Sunset Below The Surface REWRITE
Author's Notes
This writing is like
6 years old and unedited but it has a really important place in my heart
left all the typos and weird grammar in cause I'm working on another project and wanted to keep a little time capsule of my older writing :]
A cold gust of air wormed its way through the slightly ajar window in my small personal cell. My father preferred the term, ‘room,’ but I always insisted to agree to disagree.
I lied on the small, worn out bed my father had planted in my room, one of the many things that my father claimed I had chosen.
Although, I knew deep down that I hadn’t. I never would have picked such a revolting cover. Covered head to toe in bright orange fish, it had shown a place that I had never seen; An ocean that I had no desire to even glance at.
To accompany it, a small carpet placed on the frozen concrete floors to try and make this hell feel more like a home with a faint coral reef pattern.
“It goes with the bed,” My father would always insist but neither of us actually believed such stupid lies. The blues all entirely different, the greens muddied in such ways they made me sick, the oranges both stupidly bright and disappointingly dull, yet what I always hated the fleshy corals the most.
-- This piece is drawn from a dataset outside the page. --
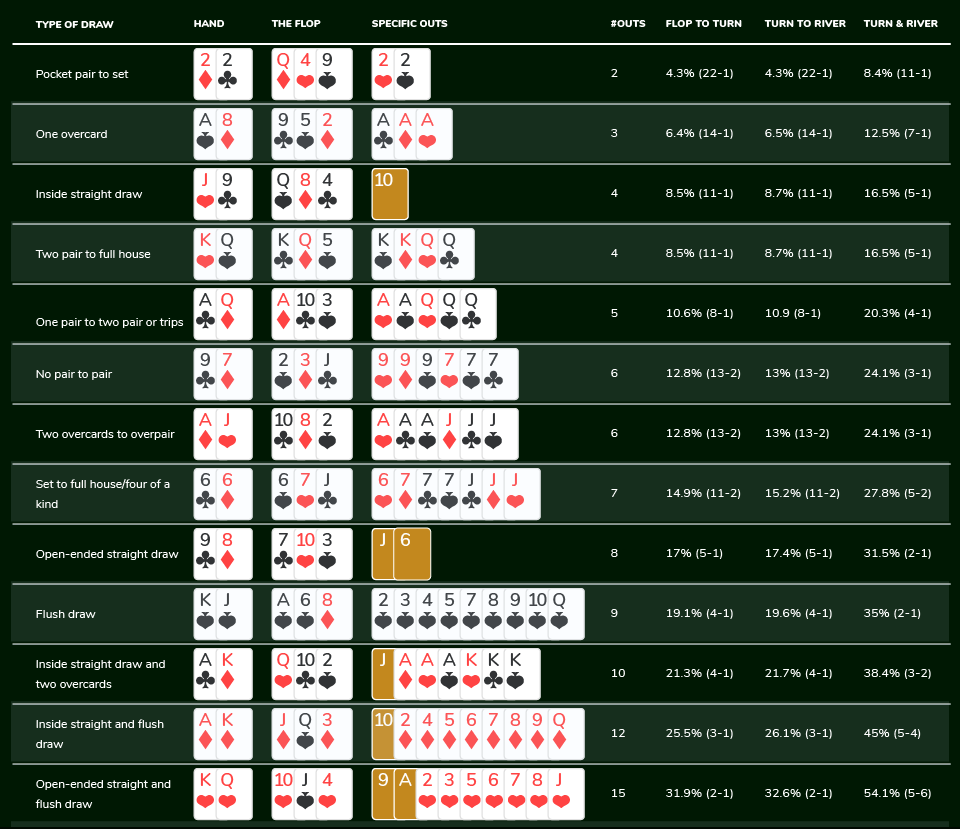 7 formas para ganar en el Póker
The years inside my little brought me to despise those pinks the most. The pinks that matched my father’s slightly warm cheeks, the pinks that I noticed creep in every day as the sun fell asleep, the pinks that matched the guts of rats that had caught themselves trapped in my father’s twisted little chamber of torment.
And then the dresser. The least insulting item in my room. A deep wood to sit secluded on the edge. It had no special features, no adornments, no items or toys left sitting on top of it. Just a dresser that contained the last few bits of my crumbling sanity.
My father’s wife chose it for her son when both of them had still conveniently not been hit by a truck.
Sitting alone in my little birdcage led me to many thoughts. Some of which involved escaping, others of finding a way to dispose of my corpse after whatever fueled my miserable body found a new home.
But I never could actually take the initiative to do any of those things.
I always wallowed and cried but I never got up to do anything.
Until I heard her.
A shout. A scream. A single call for something, anything, just to run down and save her.
A shout that would be that yelled that I needed to go. I needed to stop feeling sorry and start actually feeling. A shout so vivid, so pained, yet so beautiful, that it seemed more like a song.
And so, I began to run. I ran through bland stone corridors and twisted staircases, following the melody of screams. I descended down through endless wooden doors and mazes, going left and right continuously until I finally reached it.
The cold metal door I longed for, the siren that called for me, and my father, back turned, slicing apart the one thing I ever tried to reach.